A poco de iniciarse en Estados Unidos la crisis de las hipotecas basura y extenderse su contagio fuera, el Gobierno de nuestra nación se apresuró a manifestar que nuestra economía no se vería afectada porque sus fundamentos son sólidos.
Pocas semanas después están claras dos cosas. Una, que efectivamente nuestra economía está siendo, hasta ahora, escasamente afectada por factores externos. Dos y mucho más importante, que la situación económica se está deteriorando rápidamente (el propio ministro de Economía ha reconocido que mucho más de lo esperado) y que las causas son internas.
Esta crisis económica es, sobre todo, nuestra, en lo esencial no viene de fuera aunque, al ampliarse, nos afecta.
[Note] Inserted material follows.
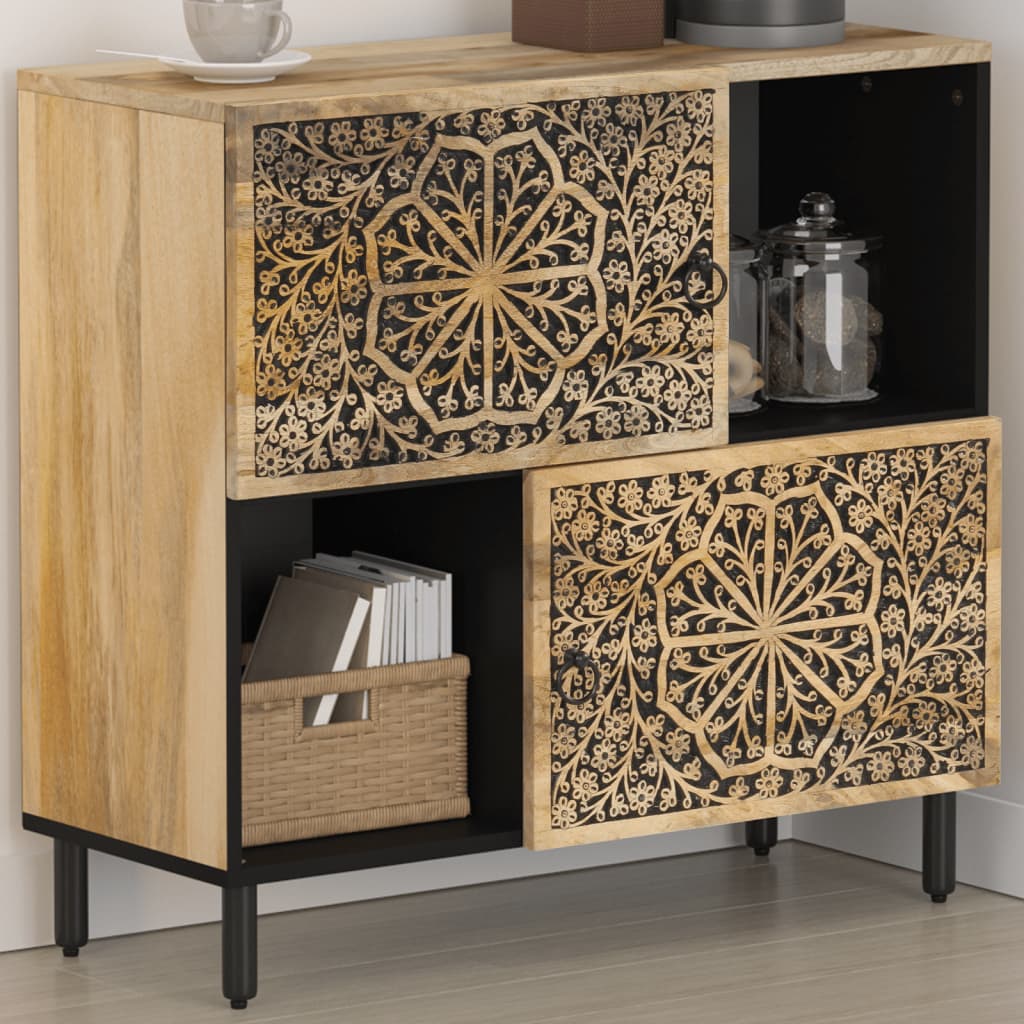 vidaXL Szafka, 80x33x75 cm, lite drewno mango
El modelo de crecimiento en el que “la ciudad alegre y confiada” se instaló desde hace quince años estaba basado en factores puramente internos y llevaba dentro las semillas de su propia destrucción.
Tipos de interés reales negativos o muy bajos, abundancia de mano de obra susceptible de explotación, alto volumen de acumulación de beneficios empresariales, bajísimo nivel y casi nulo crecimiento de la productividad, gran endeudamiento de familias y empresas, insólito protagonismo del sector de la construcción (en diez años duplica su participación en el PIB alcanzando un increíble 18 por ciento) y, dentro del mismo, de la edificación (un 75 por ciento del total), estaba claro que “se moriría de éxito”, que la cosa era pan para hoy (no para todos) y hambre para mañana (para muchos más).
Recientes y variados indicadores, desde el aumento del paro en enero hasta la gran caída de la edificación, pasando por el fuerte incremento de la desconfianza y el mal comportamiento de la producción industrial, muestran que vienen tiempos peores y mucho más difíciles de gestionar que unos años recientes en que muy poco se ha hecho para preparar eso que se denominó cambio de modelo de crecimiento, cambio que es absolutamente imprescindible pero difícil y siempre lento.
Los desgarros políticos y sociales que produce el desmadre del modelo autonómico, que se irán viendo más agudamente en los años próximos si no se rectifica seriamente, tienen también su coste económico.
La unidad del mercado interior, del espacio económico interior, está cada vez más quebrantada y ese proceso es simultáneo a lo que ya vaticinó uno de los responsables de este estado de cosas, Maragall, cuando habló refiriéndose al Estado de la nación como un “Estado residual”.
Los instrumentos de política económica y social que quedan en ese Estado central son cada vez más escasos, con lo que su capacidad de gestionar una crisis muy profunda como la que encaramos es limitada y siempre sujeta a negociaciones y componendas.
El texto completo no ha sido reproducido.